In the article, the quotes from the researchers never actually mention addiction. That's just implied by the spin that Forbes put on it.

But, regarding what you were saying re: artificial need as a definitive property of addiction...

An addiction needs a foothold. Most addictions let the brain slack off in production of certain chemicals while the source of the addiction provides a surplus of those chemicals in one way or another; when the source goes away the brain suddenly has a deficit of said chemicals, so now you're really screwed without that cigarette.

But any addiction must provide things which we already crave in order to thrive in the first place. The artificiality lies in the fact that we become dependent on some *source* of that which we crave; a particular source which we did not use before, such as nicotine or cocaine. But the drug itself must provide something that all of us need already; for example cocaine, nicotine, and a tonne of other sources of addiction reward dopamine pathways in various ways (maybe *all* sources of addiction do this, I don't know).

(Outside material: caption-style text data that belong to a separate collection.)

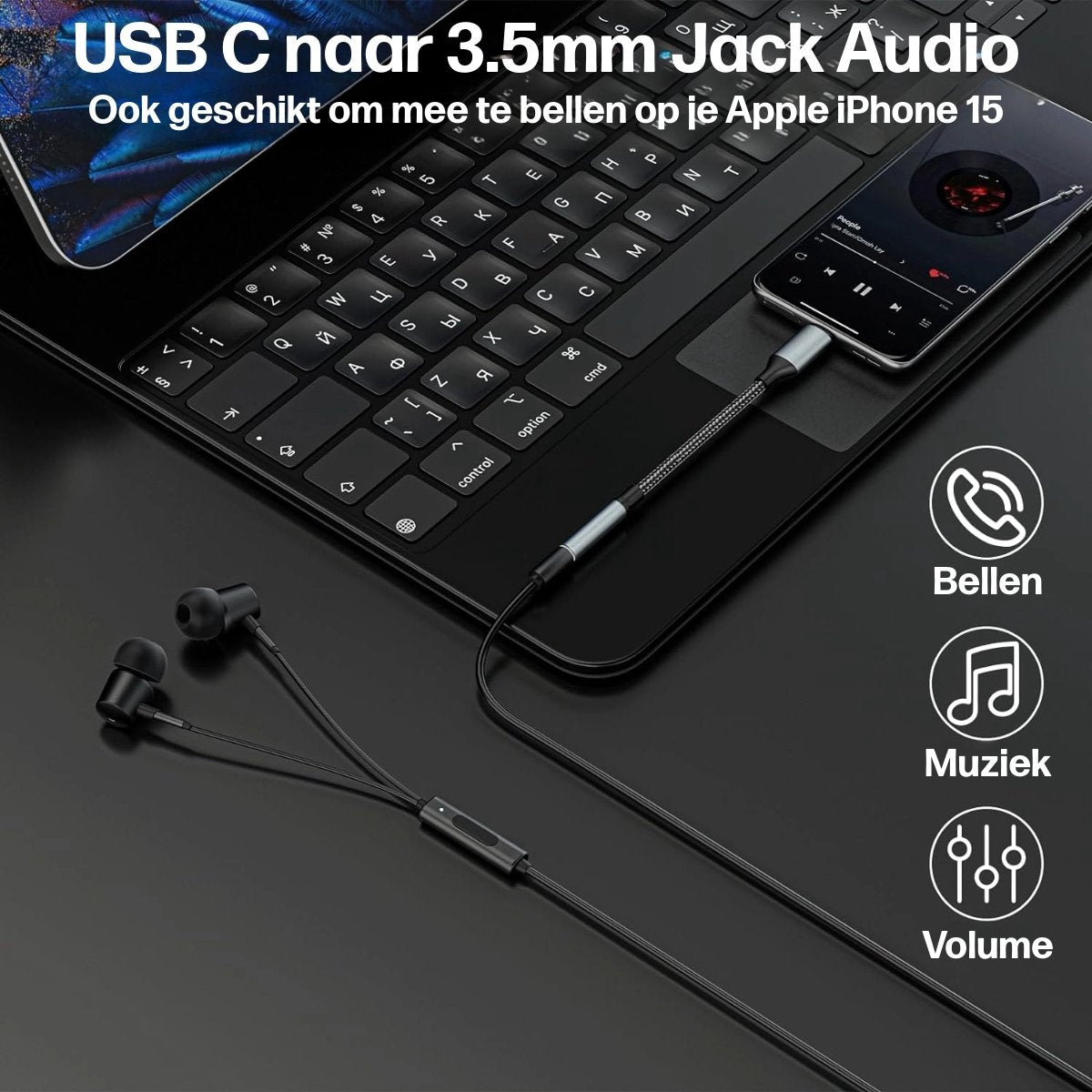 Zwarte laptop met telefoon met muziekbediening, verbonden via een USB-C naar 3,5 mm jack-kabel, oortelefoons en pictogrammen voor bellen, muziek en volume.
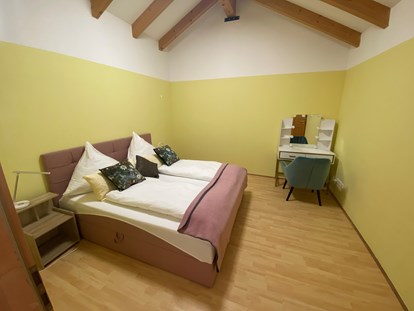 Pensionen - Wanderweg - Suite Schlafzimmer 1 - Pension am Weberhof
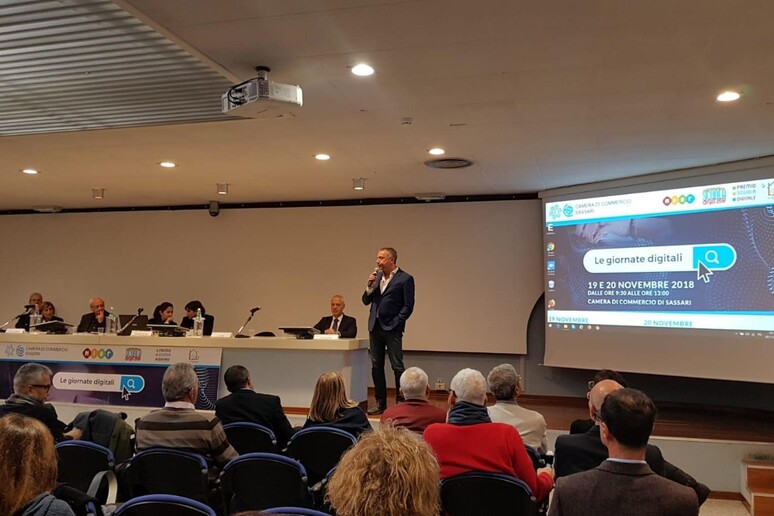 - RIPRODUZIONE RISERVATA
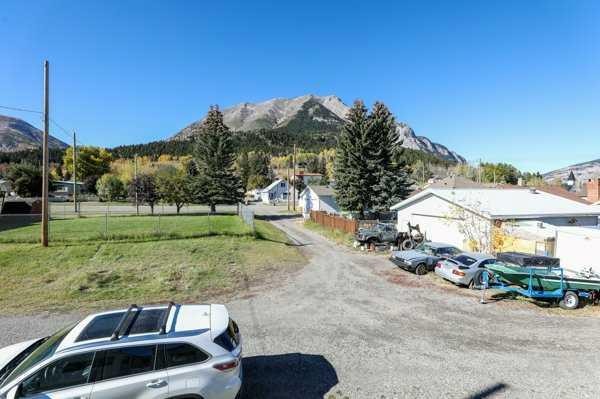 22720, 22718 8 Avenue, Hillcrest, AB - Outdoor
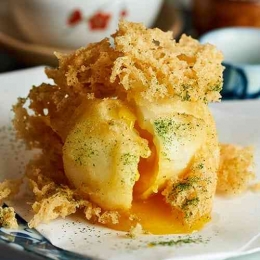sumber : https://ebi10ph.com/products/soft-boiled-egg-tempura-1-piece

Likewise, the artificiality of an addiction to video games is in the fact that before a 16-hour-a-day WoW aficionado knew about the game, they of course suffered no adverse effects from its absence. But of course all of us have always desired the pleasant things that WoW provides, or else it would never be appealing to someone in the first place. It's just that we (some more than others) can get used to WoW being the *primary* source of those pleasant things, which is where the problems can come from.